О духовной жизни современной Америки (Гамсун) - страница 29

Привет странам хлопка и странам картофеля белого, сладкого;
Привет горам, равнинам, пескам, лесам, прериям;
Привет берегам плодородных рек, плоскогорьям, ущельям;
Привет бесконечным пастбищам, привет земле изобильной садов, льна,
конопли, меда;
Привет и другим, суровым странам;
Таким же богатым, как страны золота, плодов и пшеницы,
Странам копей и рудников, странам крепких и грубых руд,
Странам угля, меди, олова, цинка, свинца,
Странам железа — странам выделки топора.
(Перевод М. Зенкевича)

Девятая часть этой же самой каталогообразной поэмы начинается с одной из обычных — загадочных — авторских скобок:

(Америка! Я не хвалюсь любовью моей к тебе, Я владею тем, что имею.)
Топор взлетает!
Могучий лес дает тысячи порождений,
Они падают, растут, образуются —
Палатка, хижина, пристань, таможня,
Цеп, плуг, кирка, пешня, лопата,
Дранка, перила, стойка, филенка, косяк, планка, панель, конек,
Цитадель, потолок, бар, академия, орган, выставочный павильон,
библиотека,
Карниз, решетка, пилястр, балкон, окно, башня, крыльцо,
Мотыга, грабли, вилы, карандаш, фургон, посох, пила, рубанок, молоток,
клин, печатный вал,
Стул, стол, бадья, обруч, калитка, флюгер, рема, пол,
Рабочий ящик, сундук, струнный инструмент, лодка, сруб и все прочее,
Капитолии штатов и капитолий нации штатов,
Ряды красивых домов на проспектах, сиротские дома, богадельни,
Пароходы и парусники Манхеттена, бороздящие все океаны.
(Перевод М. Зенкевича)

Может, это прозвучит кощунством, или даже богохульством, но должен признаться: темными ночами, когда на меня находили тяжкие приступы творческих мук и сон никак не шел ко мне, случалось иной раз, что я изо всех сил сжимал зубы, чтобы невзначай не брякнуть прямиком: эх, да такие стихи и я вполне мог бы писать!

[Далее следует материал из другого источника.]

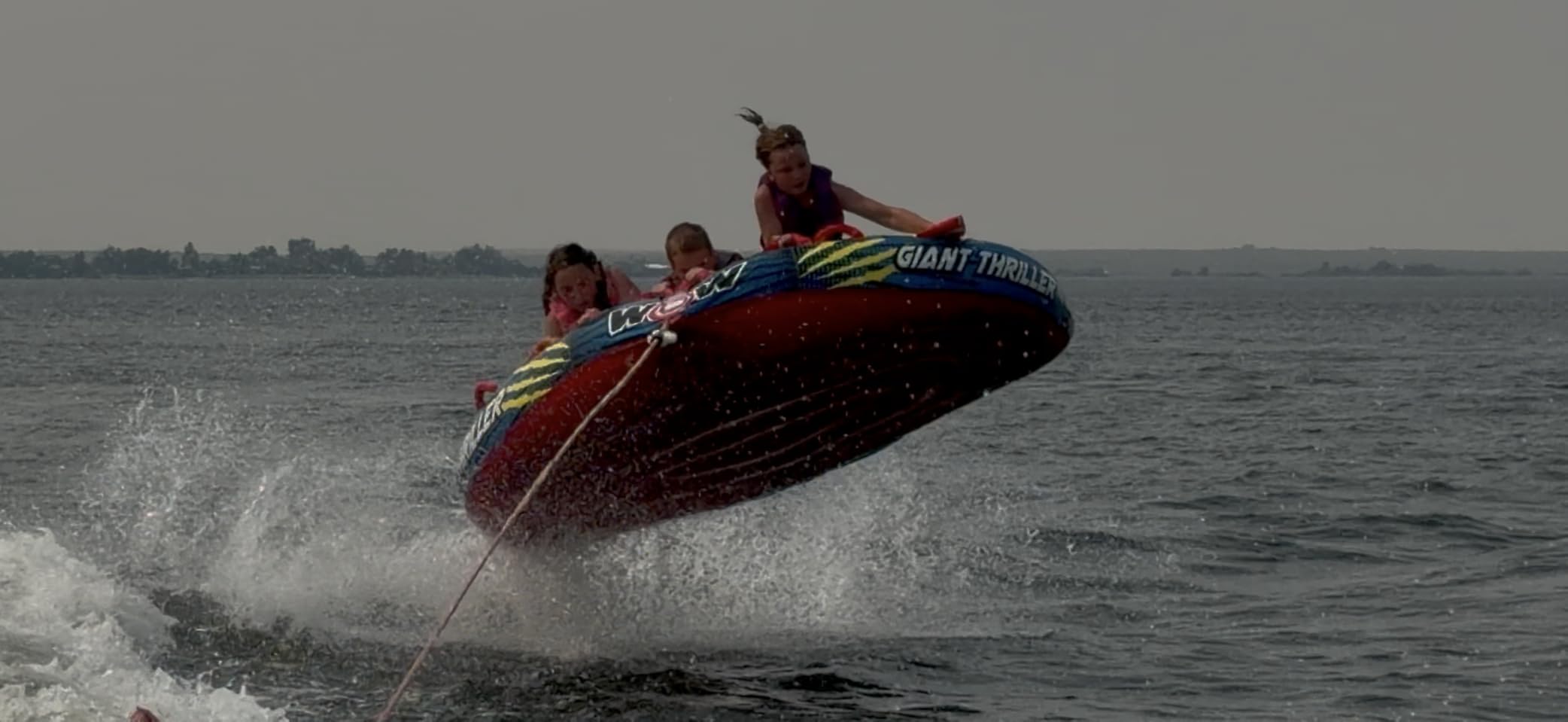 Wow Sports Thriller Towable Deck Tube for Boating Adults, Tubing Boat Inflatable for Water Sports customer photo 2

Чего же хочет Уолт Уитмен? Может, отменить работорговлю в Африке? Или запретить употребление тросточек? Построить новое здание школы в Вайоминге или ввести ношение егерских свитеров? Этого не знает никто. Никто не сравнится с ним в искусстве наговорить уйму слов — и притом ничего не сказать. Слова у Уитмена жгучие, они пылают, в них слышится страсть, сила, восторг. Слушаешь, эту отчаянную музыку слов и чувствуешь, как надувается его грудь. Одного только не понимаешь ты: что же приводит его в такой восторг? Во всей книге гремит гром, но молнии, искры — нет как нет. Читаешь страницу за страницей, сверху вниз и снизу вверх, и никак не можешь понять, в чем же смысл всего этого. Но эти полчища слов не повергают тебя в растерянность, не опьяняют тебя, а лишь оглушают, в глухой безнадежности пригибают к земле; их нескончаемая, утомительная монотонность в конечном счете поражает рассудок читателя.